Re: [PATCH 09/11] KVM: guest_memfd: Add interface for populating gmem pages with user data

Isaku Yamahata <isaku.yamahata@xxxxxxxxx> · Tue, 23 Apr 2024 16:50:13 -0700

On Thu, Apr 04, 2024 at 02:50:31PM -0400,
Paolo Bonzini <pbonzini@xxxxxxxxxx> wrote:

> During guest run-time, kvm_arch_gmem_prepare() is issued as needed to
> prepare newly-allocated gmem pages prior to mapping them into the guest.
> In the case of SEV-SNP, this mainly involves setting the pages to
> private in the RMP table.
> 
> However, for the GPA ranges comprising the initial guest payload, which
> are encrypted/measured prior to starting the guest, the gmem pages need
> to be accessed prior to setting them to private in the RMP table so they
> can be initialized with the userspace-provided data.

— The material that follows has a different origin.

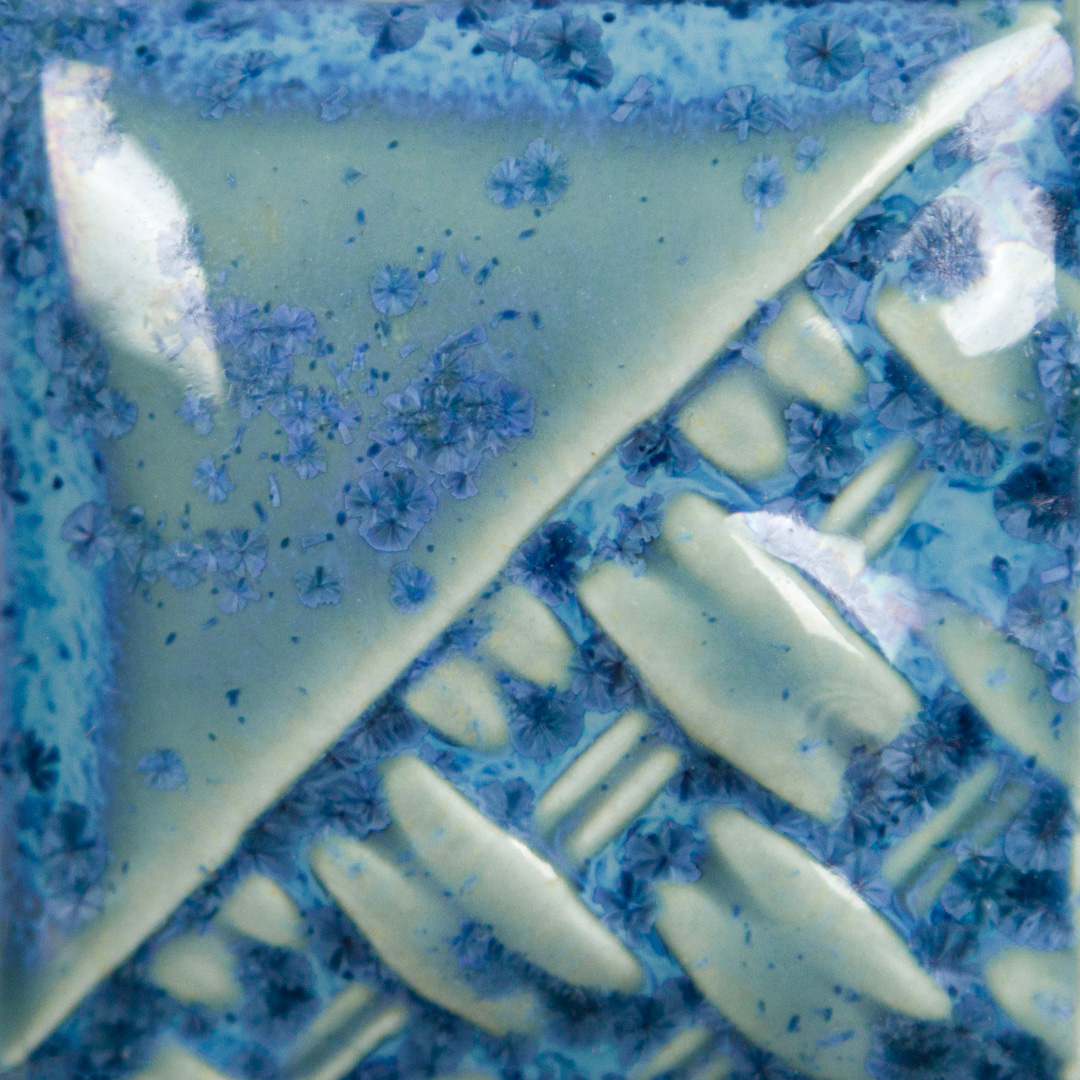 Mayco Stoneware Micro Cerulean smalto ceramica blu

Additionally, an
> SNP firmware call is needed afterward to encrypt them in-place and
> measure the contents into the guest's launch digest.
> 
> While it is possible to bypass the kvm_arch_gmem_prepare() hooks so that
> this handling can be done in an open-coded/vendor-specific manner, this
> may expose more gmem-internal state/dependencies to external callers
> than necessary. Try to avoid this by implementing an interface that
> tries to handle as much of the common functionality inside gmem as
> possible, while also making it generic enough to potentially be
> usable/extensible for TDX as well.

I explored how TDX will use this hook.  However, it resulted in not using this
hook, and instead used kvm_tdp_mmu_get_walk() with a twist.  The patch is below.

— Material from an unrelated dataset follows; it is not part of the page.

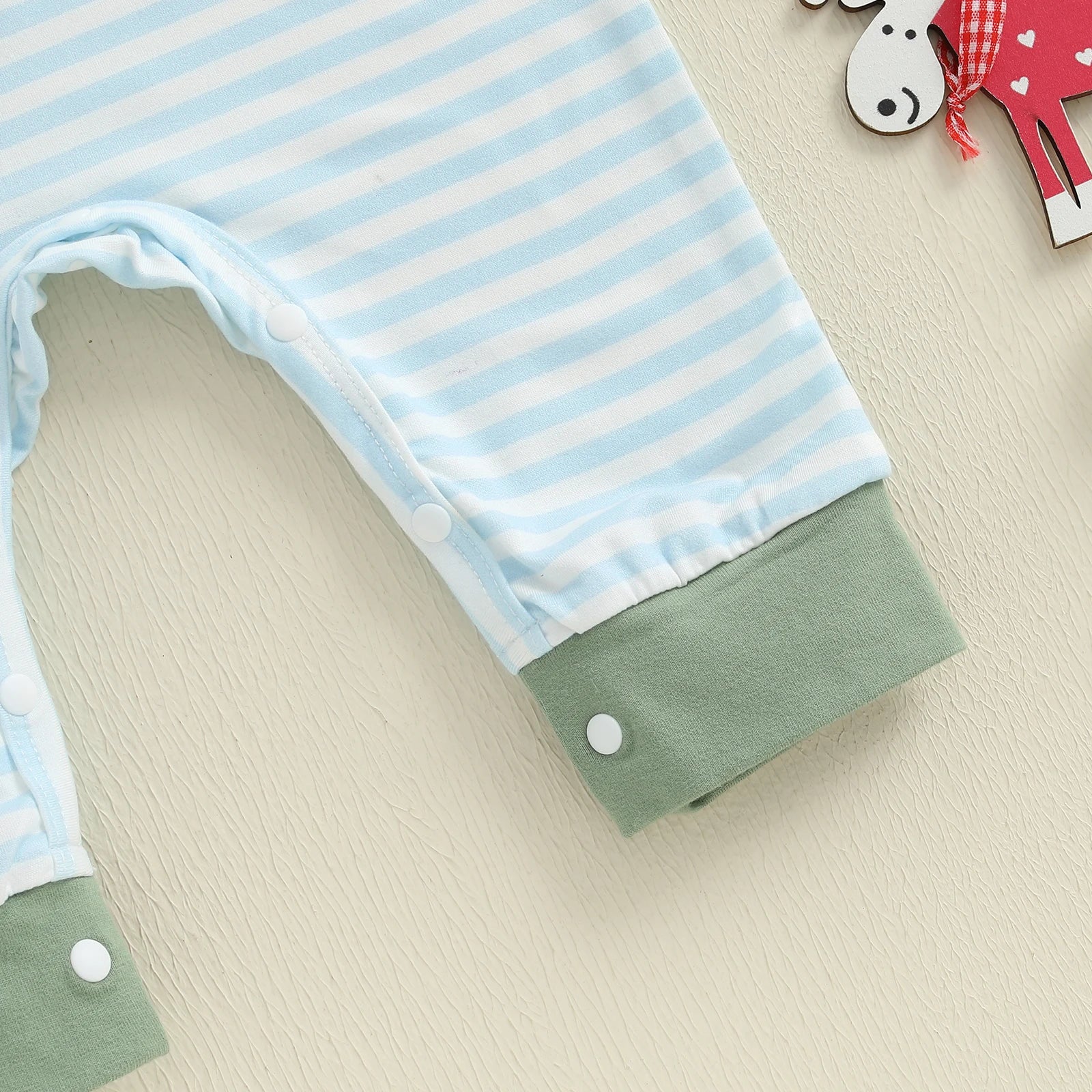 Combinaison Bébé Garçon Rayée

Because SEV-SNP manages the RMP that is not tied to NPT directly, SEV-SNP can
ignore TDP MMU page tables when updating RMP.
On the other hand, TDX essentially updates Secure-EPT when it adds a page to
the guest by TDH.MEM.PAGE.ADD().  It needs to protect KVM TDP MMU page tables
with mmu_lock, not guest memfd file mapping with invalidate_lock.  The hook
doesn't apply to TDX well.  The resulted KVM_TDX_INIT_MEM_REGION logic is as
follows.

  get_user_pages_fast(source addr)
  read_lock(mmu_lock)
  kvm_tdp_mmu_get_walk_private_pfn(vcpu, gpa, &pfn);
  if the page table doesn't map gpa, error.
  TDH.MEM.PAGE.ADD()
  TDH.MR.EXTEND()
  read_unlock(mmu_lock)
  put_page()


>From 7d4024049b51969a2431805c2117992fc7ec0981 Mon Sep 17 00:00:00 2001
Message-ID: <7d4024049b51969a2431805c2117992fc7ec0981.1713913379.git.isaku.yamahata@xxxxxxxxx>
In-Reply-To: <cover.1713913379.git.isaku.yamahata@xxxxxxxxx>
References: <cover.1713913379.git.isaku.yamahata@xxxxxxxxx>
From: Isaku Yamahata <isaku.yamahata@xxxxxxxxx>
Date: Tue, 23 Apr 2024 11:33:44 -0700
Subject: [PATCH] KVM: x86/tdp_mmu: Add a helper function to walk down the TDP MMU

KVM_TDX_INIT_MEM_REGION needs to check if the given GFN is already
populated.  Add wrapping logic to kvm_tdp_mmu_get_walk() to export it.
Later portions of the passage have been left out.